Material shown:
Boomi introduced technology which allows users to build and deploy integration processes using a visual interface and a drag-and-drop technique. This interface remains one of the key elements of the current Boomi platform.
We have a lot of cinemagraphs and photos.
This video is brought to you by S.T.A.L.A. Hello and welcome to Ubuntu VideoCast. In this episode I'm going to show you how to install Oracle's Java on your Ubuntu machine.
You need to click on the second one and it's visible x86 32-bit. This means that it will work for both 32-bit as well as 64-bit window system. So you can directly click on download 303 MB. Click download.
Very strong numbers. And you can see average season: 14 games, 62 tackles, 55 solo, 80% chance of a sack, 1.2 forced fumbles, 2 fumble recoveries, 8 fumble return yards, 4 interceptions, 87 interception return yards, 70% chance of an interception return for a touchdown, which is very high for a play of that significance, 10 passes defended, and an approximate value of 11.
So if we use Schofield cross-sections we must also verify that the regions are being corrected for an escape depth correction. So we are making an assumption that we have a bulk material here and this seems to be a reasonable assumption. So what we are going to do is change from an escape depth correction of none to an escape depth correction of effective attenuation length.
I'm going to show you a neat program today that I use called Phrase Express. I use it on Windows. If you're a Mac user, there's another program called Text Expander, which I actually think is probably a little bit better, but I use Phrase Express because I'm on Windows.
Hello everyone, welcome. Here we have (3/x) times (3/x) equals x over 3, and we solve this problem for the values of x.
...
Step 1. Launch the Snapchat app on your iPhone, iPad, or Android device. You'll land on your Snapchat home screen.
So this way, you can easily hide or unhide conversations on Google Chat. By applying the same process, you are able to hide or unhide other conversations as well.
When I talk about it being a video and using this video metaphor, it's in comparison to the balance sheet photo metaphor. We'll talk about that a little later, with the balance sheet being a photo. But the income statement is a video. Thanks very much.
...
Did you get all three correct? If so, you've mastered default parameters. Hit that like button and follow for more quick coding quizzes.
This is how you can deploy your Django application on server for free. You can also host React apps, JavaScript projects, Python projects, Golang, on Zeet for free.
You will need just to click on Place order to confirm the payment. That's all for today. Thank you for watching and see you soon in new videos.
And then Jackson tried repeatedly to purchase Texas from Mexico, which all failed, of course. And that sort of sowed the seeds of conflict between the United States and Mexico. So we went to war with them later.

What to produce: Each line in the listing above from the one containing "Boomi introduced technology" through the one containing "This video is" should be repeated exactly, and no other line.

Task output:
Boomi introduced technology which allows users to build and deploy integration processes using a visual interface and a drag-and-drop technique. This interface remains one of the key elements of the current Boomi platform.
We have a lot of cinemagraphs and photos.
This video is brought to you by S.T.A.L.A. Hello and welcome to Ubuntu VideoCast. In this episode I'm going to show you how to install Oracle's Java on your Ubuntu machine.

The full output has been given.